"Di chi è la colpa?"

Alfonso Falanga, 14.01.2022



"Sorpresa!".

È l'esclamazione che stamattina più si sente, qui in ufficio. Ironica o triste.

In ogni caso, resta un'espressione inappropriata, per me: dove sia la sorpresa, infatti, io non lo so. Cosa ci sia di inaspettato in quel che è accaduto è incomprensibile. Trovo che sia un modo stupido e rischioso di riprodurre le circostanze che giorno per giorno ci hanno condotto fin dove ci troviamo adesso.

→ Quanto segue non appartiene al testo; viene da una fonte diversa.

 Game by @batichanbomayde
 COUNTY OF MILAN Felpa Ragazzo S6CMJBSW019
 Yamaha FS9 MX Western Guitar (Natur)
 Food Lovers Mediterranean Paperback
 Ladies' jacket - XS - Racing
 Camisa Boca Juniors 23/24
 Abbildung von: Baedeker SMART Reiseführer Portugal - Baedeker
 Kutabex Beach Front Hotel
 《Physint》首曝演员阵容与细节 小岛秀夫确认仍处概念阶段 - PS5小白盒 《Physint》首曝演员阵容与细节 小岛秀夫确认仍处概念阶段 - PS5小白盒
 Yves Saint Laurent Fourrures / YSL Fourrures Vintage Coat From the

La situazione è questa: abbiamo appena avuto conferma da un nostro responsabile di quanto già si sapeva da tempo: ci sarà una drastica riduzione del personale. In sostanza, la gran parte di noi sarà licenziata.

Al momento ci hanno comunicato solo che l'azienda è stata venduta a degli investitori stranieri e che nulla cambierà rispetto agli attuali standard aziendali. Chiacchiere. Sappiamo bene che questi passaggi di proprietà sono accompagnati da una ristrutturazione degli organigrammi: che si traduce in riduzione del personale, licenziamenti, nella migliore delle ipotesi un cambio di mansioni con consistente contrazione dello stipendio.

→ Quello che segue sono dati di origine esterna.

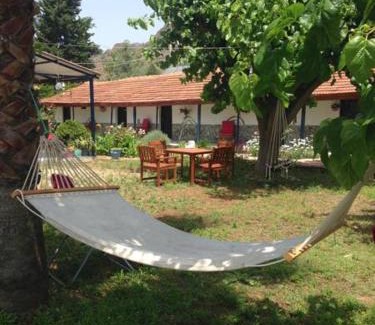 Cirali Maison | Cirali Friends Pension&Camping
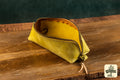 Leather Pencil Case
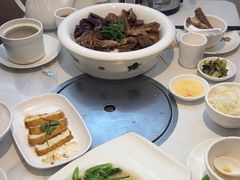 -陆记鹅庄·潮汕菜·狮头鹅(大仟里店)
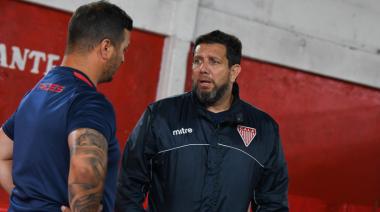 Guillermo Szeszurak: “Queremos conformar un Los Andes protagonista”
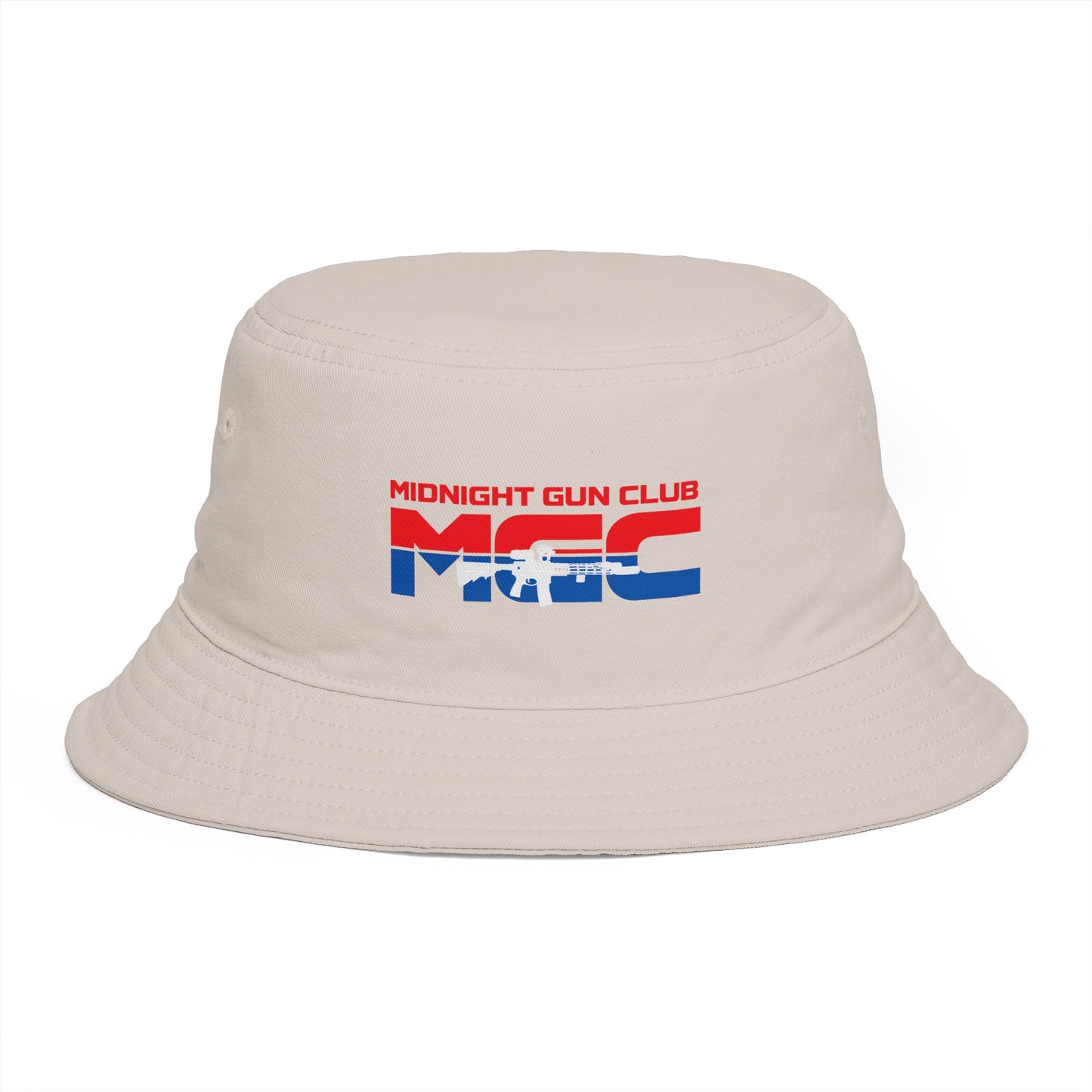 RETRO MGC BUCKET HAT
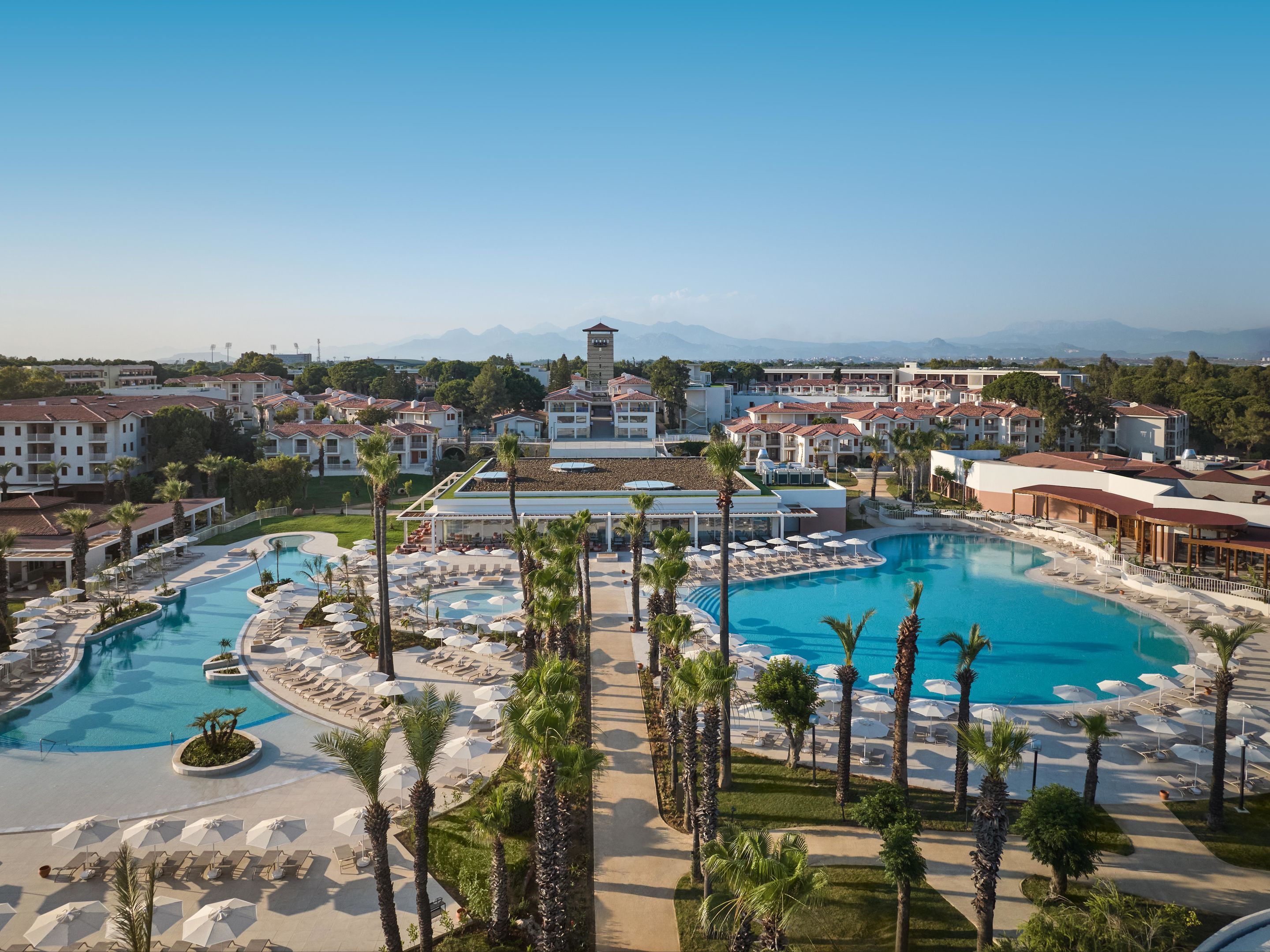 PALOMA GRIDA RESORT - SPA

Già c'è chi annuncia proteste e vertenze sindacali. A me viene da ridere: da noi non c'è sindacato.


Ricevuto il colpo, fatti i primi commenti, la maggior parte di noi è rimasta in silenzio. Un silenzio spezzato di tanto in tanto da quella esclamazione, "Sorpresa", che procede a balzi da una scrivania all'altra, a volte accompagnata o accolta da un "Lo dicevo, io!": una seconda affermazione che va a contraddire la prima.

Proseguiamo a fare quello che facciamo ogni giorno, ma adesso i nostri movimenti sono più lenti del solito, come se fossimo tutti sovrappeso e facessimo fatica a camminare, a alzarci dalla sedia per arrivare alla fotocopiatrice, a ritornare alla scrivania e risederci, a muovere le dita sulla tastiera del pc. Ogni gesto è centellinato: si fa l'essenziale.

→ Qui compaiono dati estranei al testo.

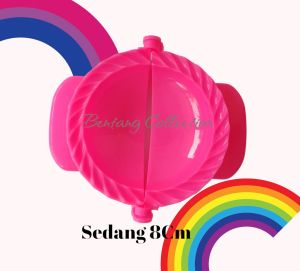 Cetakan Kue Cetakan Pastel Cetakan Cireng.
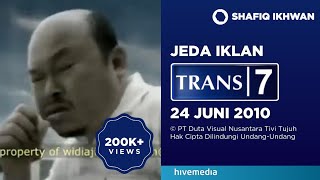 Download lagu Jeda Iklan Trans 7 (24 Juni 2010) mp3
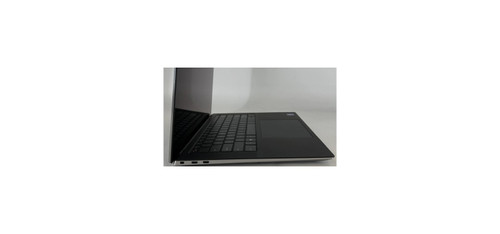 Dell Precision 5560  I7-11850H 2.5GHz 32GB 256GB  15" Laptop Condition: Excellent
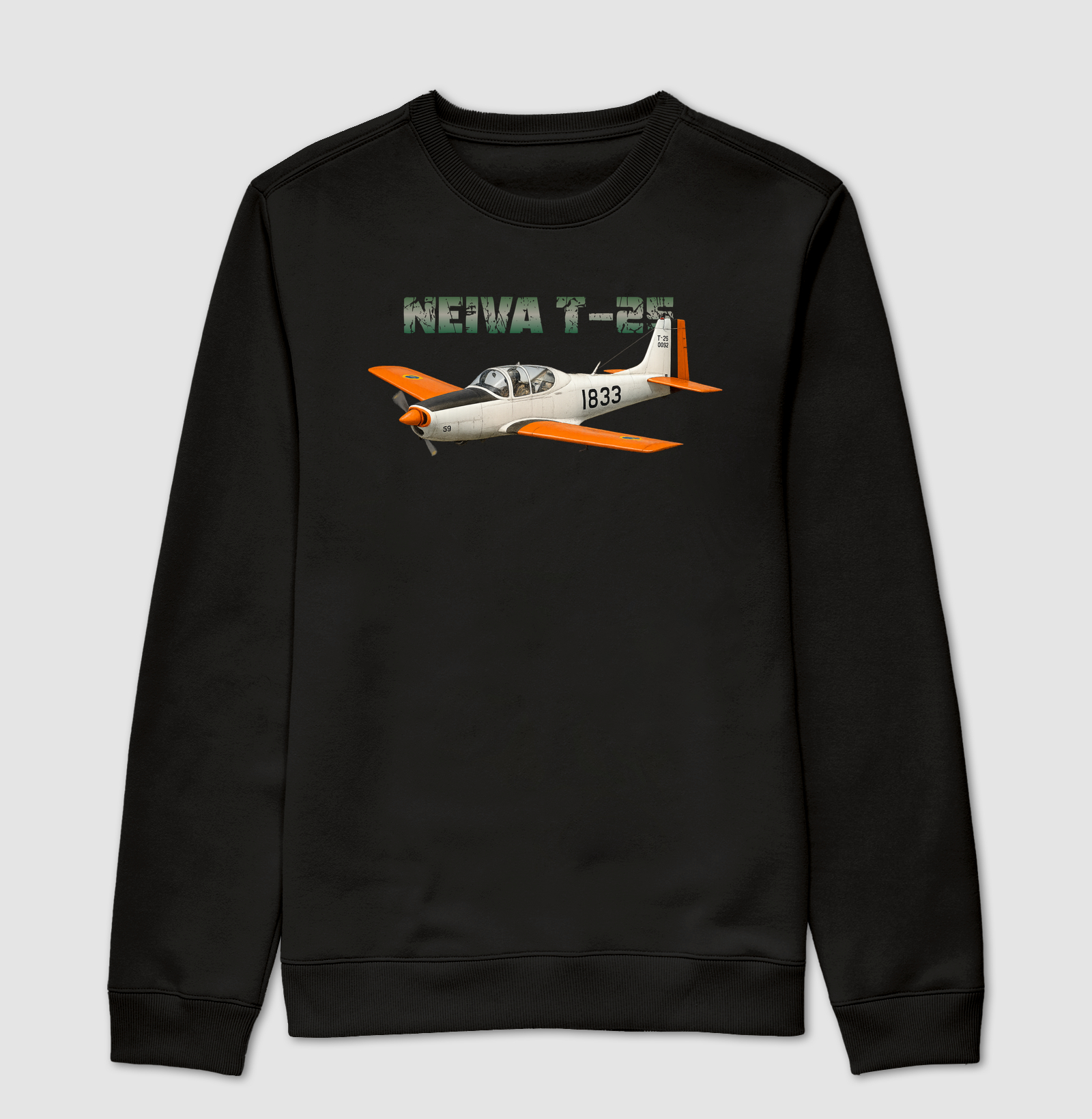 Neiva T-25
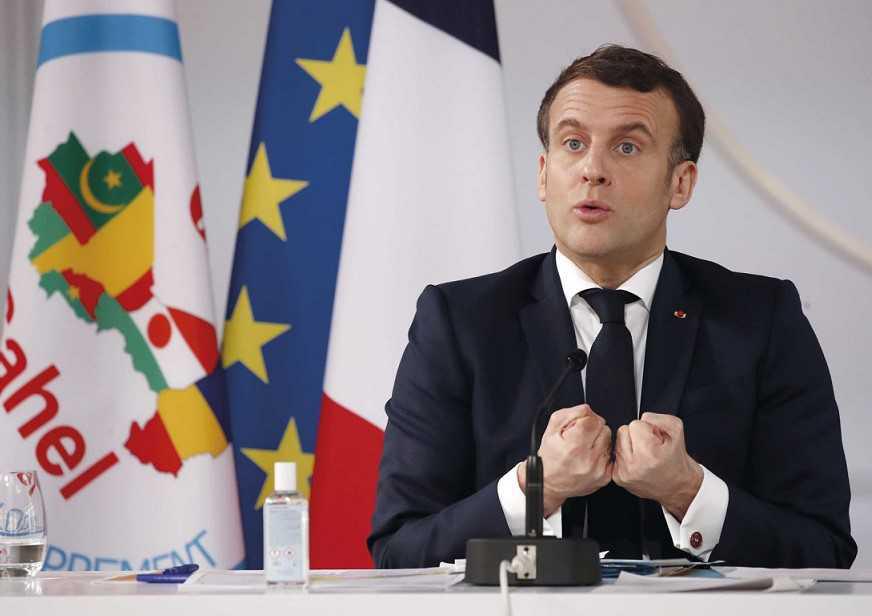 África: Europeização de parcerias África: Europeização de parcerias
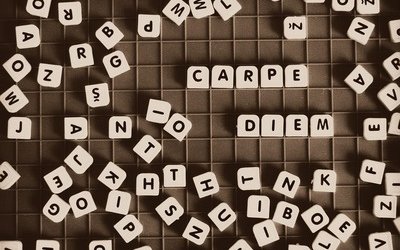 Le espressioni e i vocaboli latini più comuni quando si scrive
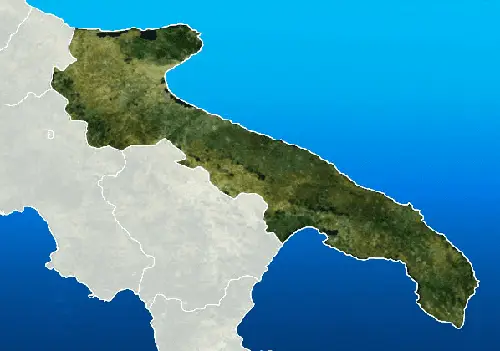Offerte di lavoro in Puglia
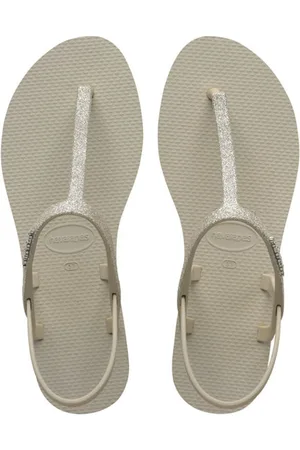 Havaianas You Paraty Glitterblank-spacesandali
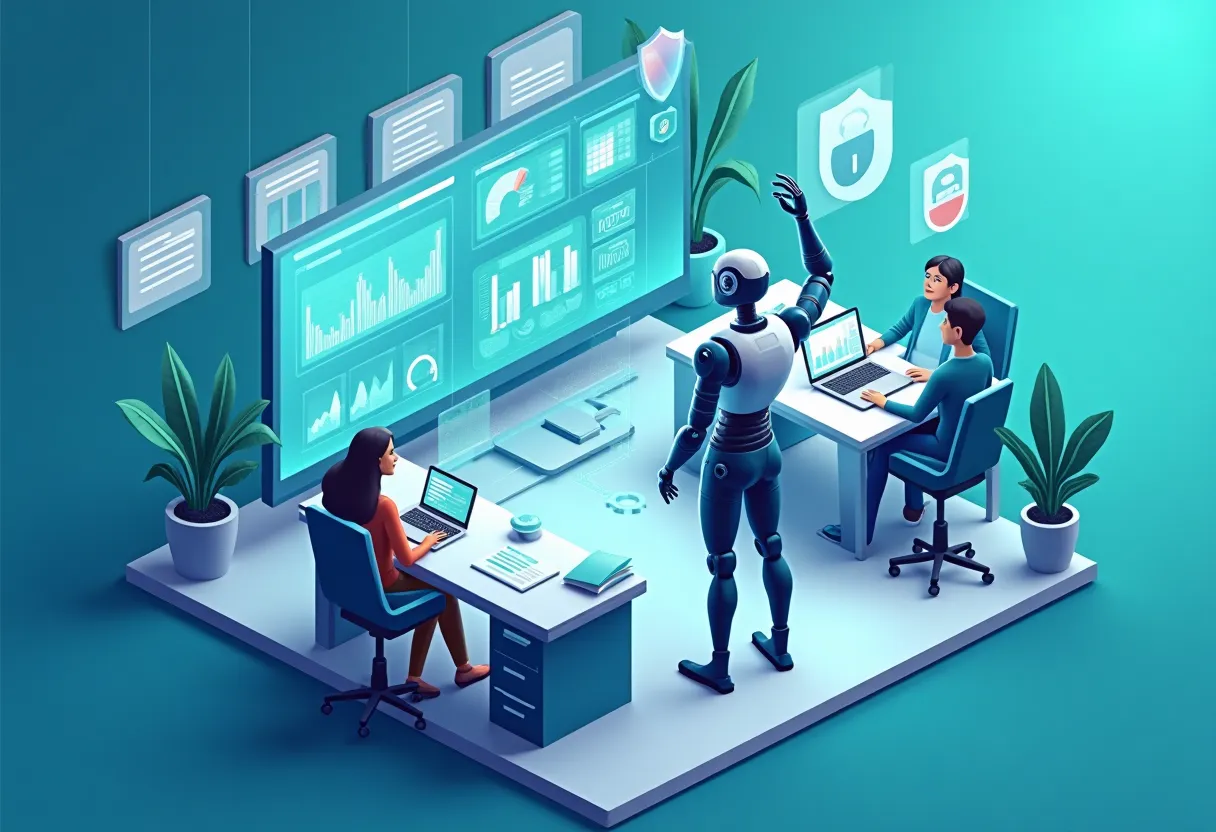 AI guardrails insurance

Non ci parliamo e ci osserviamo tutti con sospetto: ognuno si sta chiedendo chi è, tra tutti, il colpevole. A chi, insomma, è lecito attribuire la colpa per averci ridotto a pura merce di scambio. Una merce a basso costo, tra l'altro.

È tarda mattinata, ormai, siamo vicini alla pausa pranzo. "Sorpresa" è sostituito da "Di chi è la colpa?".

In ognuno la rabbia aumenta di minuto in minuto. Rabbia verso chi, non si capisce. Con chi prendersela? Con gli investitori stranieri? Con il nostro amministratore delegato? Con il collega seduto di fronte? Domande che restano inespresse, ingabbiate nella loro inutilità.


Abbiamo mangiato ognuno per i fatti  propri. Chi è andato in mensa, chi ha consumato pasti freddi portati da casa direttamente alla scrivania. Mai l'ora di spacco è stata così silenziosa. Quasi lugubre. Mangiando, o in ufficio o a mensa, nessuno ha smesso di guardarsi intorno alla ricerca del colpevole. Quali i segnali da cogliere, che avrebbero indicato il malfattore? O la malfattrice? Nulla di preciso, Forse un mezzo sorriso di soddisfazione. O sarebbe bastato anche un lampo di serenità negli occhi ormai arrossati dalla stanchezza e dalla luce sbiadita dei neon.


Nel pomeriggio, la paura progressivamente si sostituisce  alla rabbia. Un'emozione senza sbocchi: manca il colpevole su cui riversarla. Ma non per questo "Di chi è la colpa?" ha smesso di farsi sentire, anzi è ripetuta con maggiore frequenza rispetto al mattino. E ha acquistato un maggior vigore: nelle voci, la rabbia ha del tutto spodestato l'ironia.

Il gioco non ci è nuovo, in verità. Qui da noi la principale occupazione, in passato, è sempre stata la ricerca del colpevole: un'attività in cui eravamo tutti impegnati con sapienza e maestria. Il tempo passava in lunghi processi tesi a individuare il colpevole di un lavoro mal svolto, delle pratiche arretrate che si accumulavano sulle scrivanie di tutti, del guasto alla macchinetta del caffè, dell'aria condizionata troppo fredda o del riscaldamento troppo alto, del cattivo umore dei capi, del ... del ... del ...


Forse proprio questo nostro comunicare da vittime e da persecutori è il motivo per cui, oggi, siamo in vendita.